El fin de semana pasado, el Progresista no solo celebró el Carnaval (ver video más abajo); celebró su propia existencia. Fue una fiesta de colores, de comparsas y batucadas, de espuma y de familias que volvieron a ocupar la vereda. Fue la prueba fehaciente de que, cuando un club se recupera, se recupera el barrio.
«Ver a los pibes adentro del club y no en la esquina es la única medalla que vale para un dirigente de raza», suelen decir los que conocen a Alba de cerca
El club estaba prácticamente abandonado, entregado a su suerte y con la sombra de la usurpación acechando sus instalaciones.
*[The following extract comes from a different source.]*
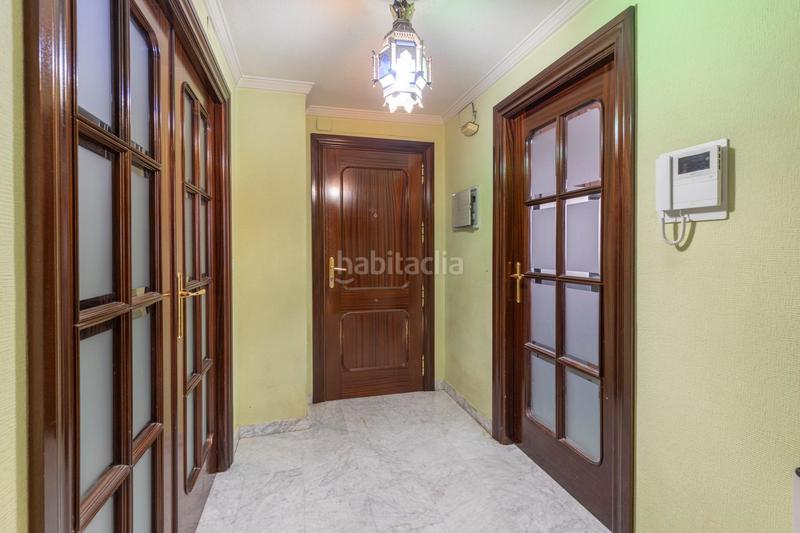 Foto 5e2ee4cb-8fdd-4da4-a7d9-35bc0dd49ae8. Piso en calle ciego de arjona 3 piso en zona avda constitucion con plaza garaje en Granada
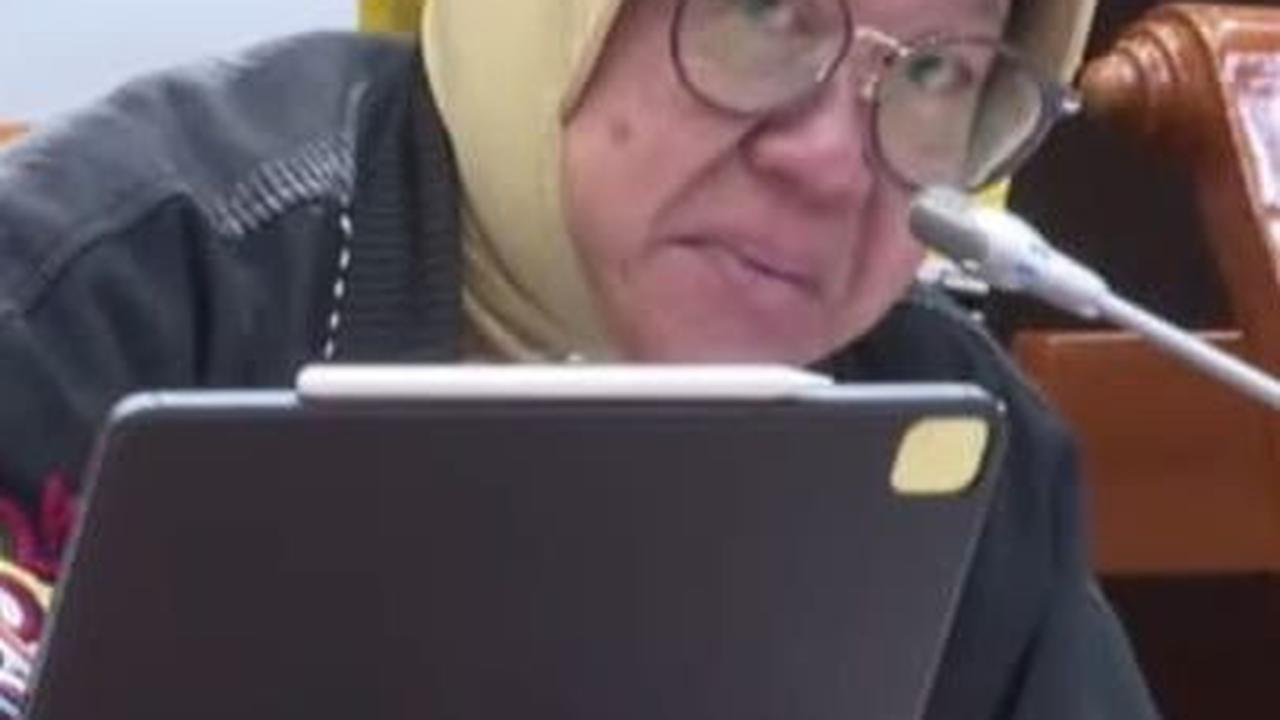 Mensos Risma Nangis Dengar Kesusahan Warga saat Rapat dengan Komisi VIII DPR RI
Hoy, gracias a la intervención de Alba y su equipo de la Federación, ese espacio es cobijo para los chicos y muchos adultos del barrio. Es el lugar donde se aprende el valor del equipo, del respeto y de la pertenencia.
El valor de lo comunitario
Salvar un club es mucho más que pintar una fachada o arreglar un techo. Es desalojar el abandono. En tiempos donde el individualismo parece ganar la partida, la figura de Alberto Alba emerge para recordarnos que las instituciones intermedias son la columna vertebral de nuestra sociedad platense.
El Progresista de La Loma volvió a latir. Y en ese latido, se escucha el eco de una gestión que entiende que un club abierto es una calle ganada. Alba lo hizo de nuevo: no solo salvó paredes, salvó la infancia de cientos de pibes que ahora tienen un lugar al cual llamar «casa».
Cabe recordar en el 2022 el Concejo Deliberante de La Plata declaró al dirigente Alberto Alba Ciudadano Ilustre, un reconocimiento muy mercido y bien ganado por alguien que trabaja en comunidad y para la comunidad.